ANALYSES

Le Liban : éternel menu à la table des rivalités régionales ?

Interview
22 novembre 2017
Le point de vue de Karim Émile Bitar


Alors que Saad Hariri, premier ministre libanais qui avait annoncé sa démission le 4 novembre depuis Ryad doit rentrer aujourd’hui au Liban après un passage à Paris, la scène politique libanaise s’agite de toutes parts et les deux rivaux régionaux que sont l’Arabie Saoudite et l’Iran s’accusent mutuellement d’ingérence dans la vie politique du pays. Pour nous éclairer sur la situation, le point de vue de Karim Emile Bitar, directeur de recherche à l’IRIS. 

Quel était l’état de la scène politique libanaise à la veille de la démission du premier ministre Saad Hariri ? Et comment celle-ci a-t-elle été ressentie ?

Après une longue vacance présidentielle qui a duré près de deux ans, un modus vivendi entre les principales forces politiques libanaises, agréé par les puissances régionales, avait permis de faire élire à la présidence de la république Michel Aoun, allié au Hezbollah pro-iranien, et de nommer Saad Hariri, proche de l’Arabie saoudite, comme président du Conseil des ministres, à la tête d’un gouvernement d’union nationale rassemblant la quasi-totalité des forces politiques libanaises traditionnelles. C’était donc l’un de ces compromis boiteux dont le Liban a l’habitude depuis fort longtemps, avec un chef de gouvernement ayant l’aval de Ryad et un président de la République qui rassure Téhéran.

S’il n’y pas eu de grandes avancées réformatrices, quelques déblocages ont eu lieu, qui ont permis par exemple de faire adopter une loi électorale qui prévoit des élections législatives pour mai 2018 (après plusieurs prorogations illégitimes et controversées depuis 2009), d’effectuer quelques nominations diplomatiques et administratives, ainsi que la mise en place d’un projet de budget. Cette dernière mesure est significative compte tenu du fait que l’Etat avait fonctionné sans véritable budget depuis de longues années. Environ 130 milliards de dollars ont été dépensés sans véritable contrôle législatif. En outre, l’accord négocié discrètement entre les représentants du Courant Patriotique Libre du général Aoun et le Courant du Futur de Saad Hariri avant l’élection présidentielle prévoyait également de lancer le processus des appels d’offres visant à gérer les réserves de ressources naturelles récemment découvertes au large des côtes libanaises.

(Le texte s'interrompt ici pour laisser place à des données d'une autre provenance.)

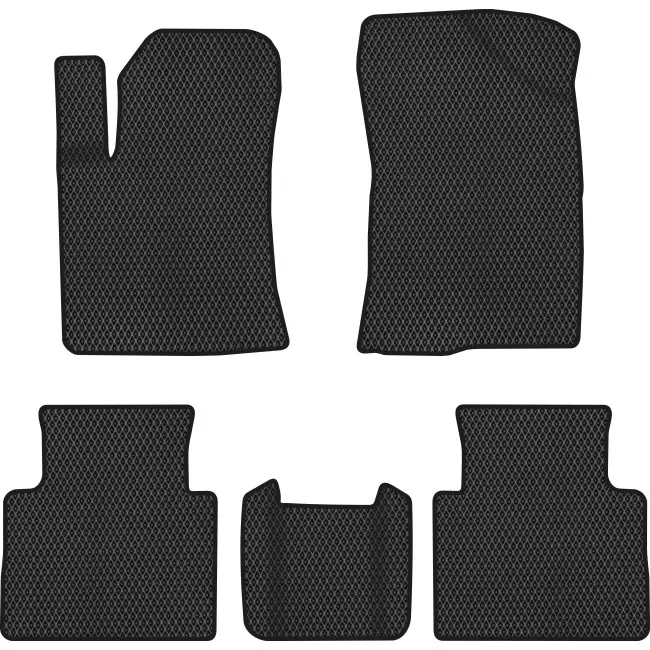 EVA килимки в салон EVAtech Haval Jolion (4WD) SUV EU 2020+ (1 пок.) (HL42070C5RBB) EVA килимки в салон EVAtech Haval Jolion (4WD) SUV EU 2020+ (1 пок.) (HL42070C5RBB)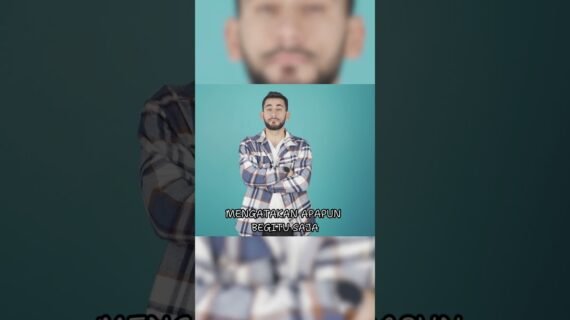 Berpikir Dahulu Sebelum Berkata-Kata
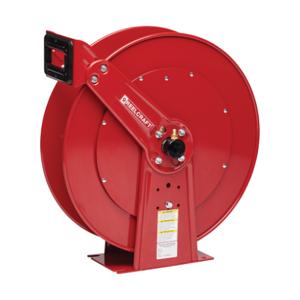 REELCRAFT TW86000 OLPT Welding Hose Reel, Inner Diameter 3/8 Inch, 200 Psi, Hose Length 75 Feet | BT7LYP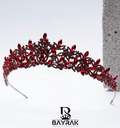 Maira -388- Bridal Headpiece product photo 2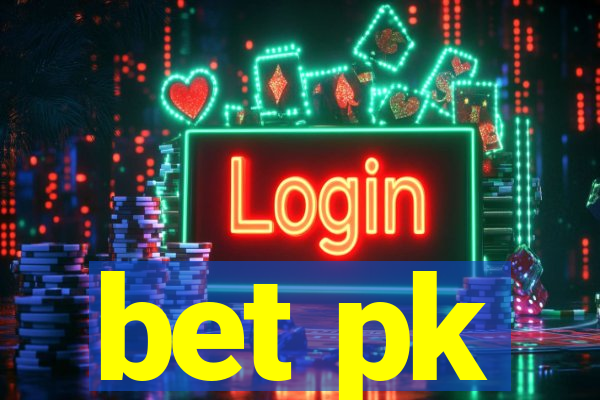 bet pk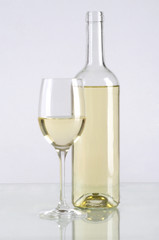 White wine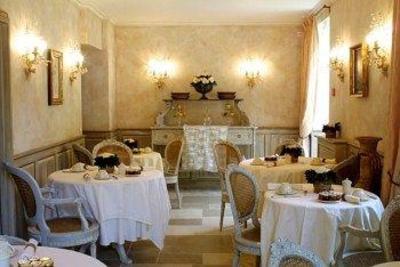 фото отеля Hotel Villa Catarie Guethary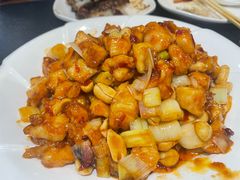 -紫光园·烤鸭·北京菜(团结湖店)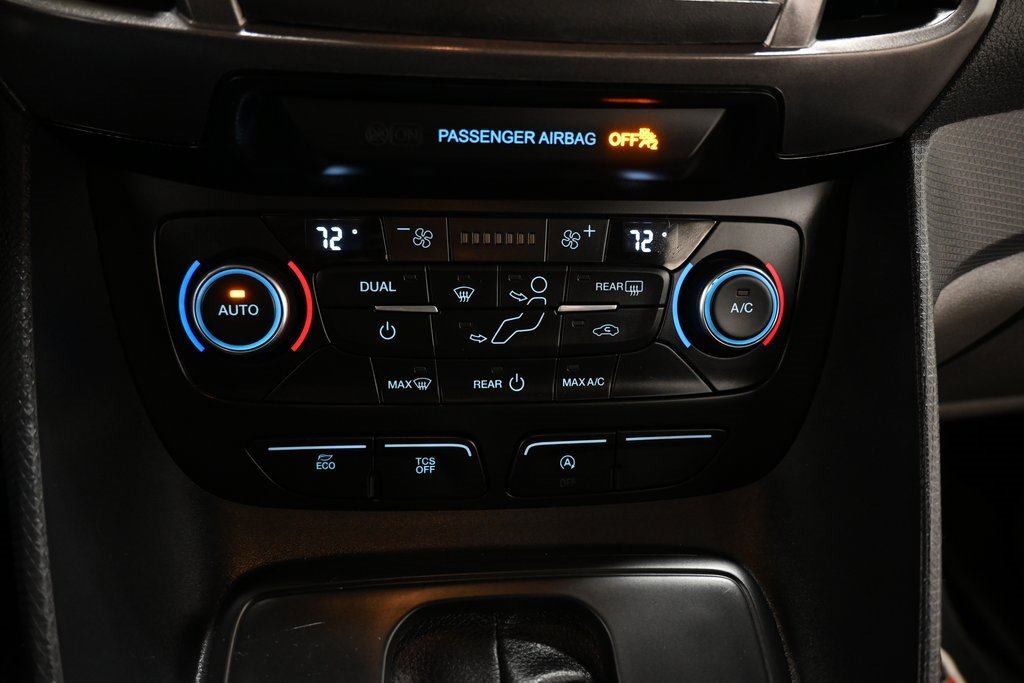 Used 2021 Ford Transit Connect XL image 29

Ce compromis entre Saad Hariri et le Hezbollah a subitement volé en éclat le 4 novembre lors de la visite du premier ministre à Riyad. Sa démission en direct, sur une télévision étrangère à partir d’un pays étranger, a surpris tout le monde y compris ses plus proches collaborateurs. Il utilisait un langage particulièrement dur à l’encontre du Hezbollah arguant qu’il était nécessaire de « trancher la main » du « bras armé » de l’Iran au Liban. Cette déclaration ne lui ressemblait pas, ni dans le fond ni dans la forme, et son contexte a fait penser à l’écrasante majorité des libanais qu’il s’agissait d’une injonction saoudienne et que ce discours lui avait été dicté par Ryad.

Sur la scène intérieure libanaise, cette séquence a été ressentie comme une profonde humiliation nationale. Si les Libanais avaient l’habitude que les décisions importantes prises pour eux le soient en dehors de leurs frontières, l’épisode a été à l’évidence totalement orchestré et constitue une ingérence directe dans les affaires du pays. Il est clair qu’il s’agissait d’une volonté saoudienne de mettre court aux interférences iraniennes dans les pays arabes. Ce désir de contrer l’hégémonie iranienne au Liban et en Syrie n’apparaissait pas accompagné d’une stratégie claire et réfléchie et a plutôt donné un sentiment d’amateurisme et d’impulsivité, alors que la montée en puissance de l’Iran, depuis l’invasion anglo-américaine de l’Irak en 2003, s’est faite avec beaucoup de professionnalisme, fut-il cynique.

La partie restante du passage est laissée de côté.